Après avoir découvert l’Afrique il y a dix ans et tourné un documentaire là-bas (La Vie en chantier, 1996), Chantal Richard réalise ici son premier long métrage de fiction, film déjà récompensé dans divers festivals, notamment africains. Chantal Richard connaît le continent noir, Agnam est sa seconde vie et cette histoire d’adoption porte en creux son propre témoignage. Elle plante ainsi la caméra dans des lieux qui l’ont vue s’émerveiller et s’interroger. Malheureusement, le filmique ne réussit pas à bouleverser le vécu de la cinéaste, le parti pris de la mise en scène ne séduit guère.

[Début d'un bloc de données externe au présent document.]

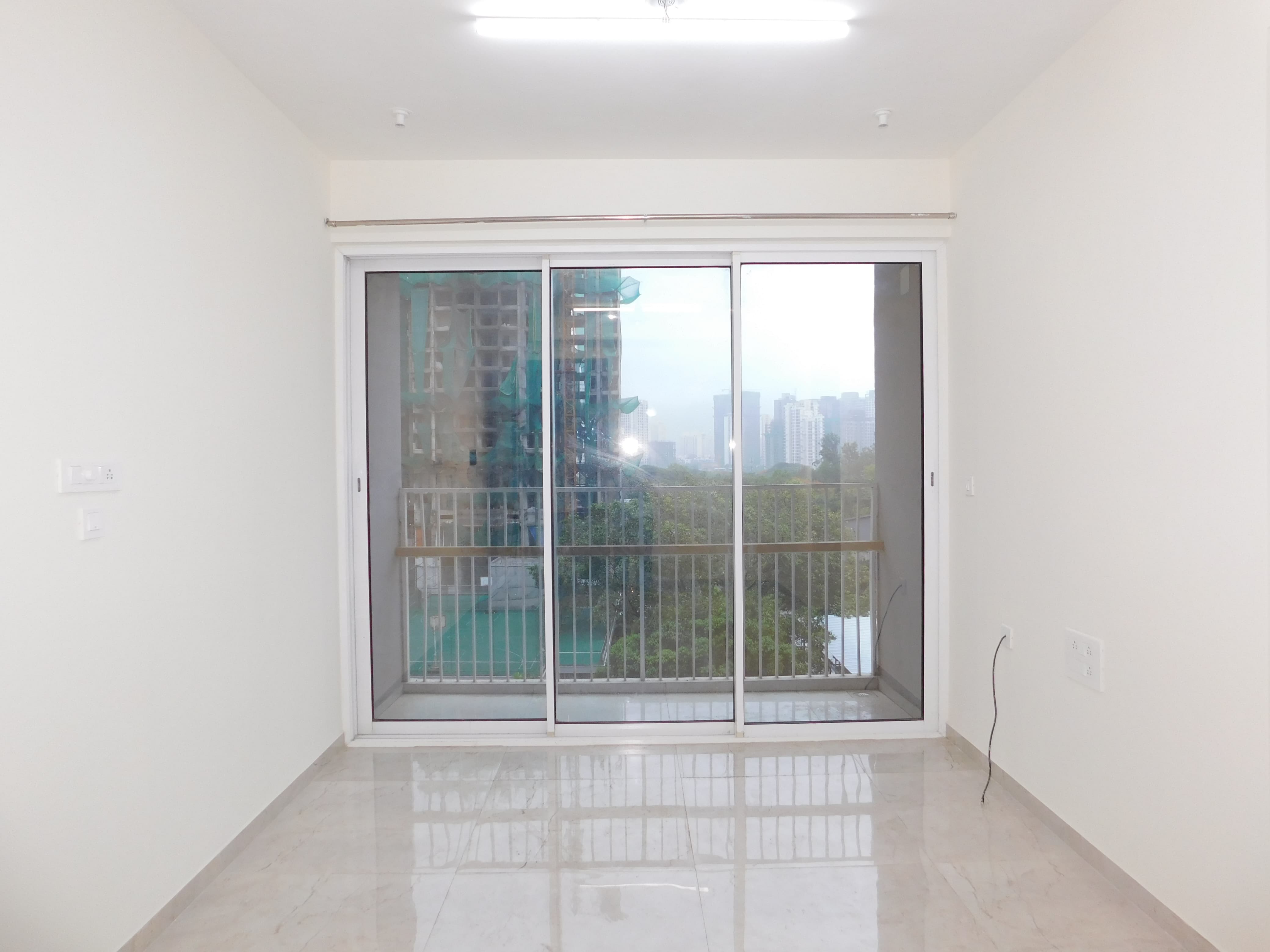 1 BHK 425 Sq.Ft. Apartment in Sheth Fiona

La barrière linguistique permet de travailler autant sur le geste que sur la parole, mouvement du corps, intensité des regards, hésitations, dessins sur le sable. Et elle a su prendre, chez un cinéaste comme Jean Rouch, une profondeur cinématographique : car le geste puis la parole ont décidément un envers filmique, mouvement de caméra, image, champ contre-champ, monologue. À trop se soucier de communication et non de cinéma, Chantal Richard a laissé sur le bas-côté, derrière le baobab, la profondeur de la communion. L’héroïne ne donne rien, sauf l’image d’une bonne blanche qui fait de l’humanitaire – car Lili ne sympathise pas, elle fait de l’humanitaire. « Y’a bon les blancs » comme dirait Marco Ferreri… Et la réalisatrice n’a pas planté sa caméra à Agnam au Sénégal, mais à… Liliville. Le point de vue se défend aisément, c’est celui de Lili mais, malencontreusement, il se retourne contre elle. L’héroïne est donc égocentrique, elle regarde mais ne voit rien, et le monde tourne autour de son nombril. Mais tourne tellement autour de son corps que la réalisatrice a construit sa mise en scène en fonction du visage de Lili, de la sueur de Lili, de la nuisette de Lili, de l’appareil photo de Lili, de la valise de Lili, de la bague de Lili… et qu’un des rares plans de paysages africains, un des rares plans qui montrent ce que l’héroïne voit de ce lieu – enfin son regard, à elle – a été filmé en panoramique, tour complet du panorama, tour qui tourne autour de Lili. Somme toute, cette idée de mise en scène ne peut convaincre car aucune identification ne s’installe, faiblesse et force du personnage n’existent pas, le point de vue est rétréci jusqu’au minimum. Même si un cinéaste décide de rester enfermé avec son personnage, celui-ci doit avoir un regard (d’autant que l’héroïne, ici, est photographe et qu’elle a un point de vue à défendre), regard qu’il partage avec le spectateur, pour l’interroger, le prévenir, le provoquer, l’expulser, le contraindre, le bouleverser, l’inciter, le dégoûter et ce regard est cinématographique. Que Lili soit égoïste, certes, mais le geste filmique ne doit pas l’être. Dommage, car il y a chez Chantal Richard, dans ses propos tenus lors d’entretiens à propos de ce film, une authentique bonne foi.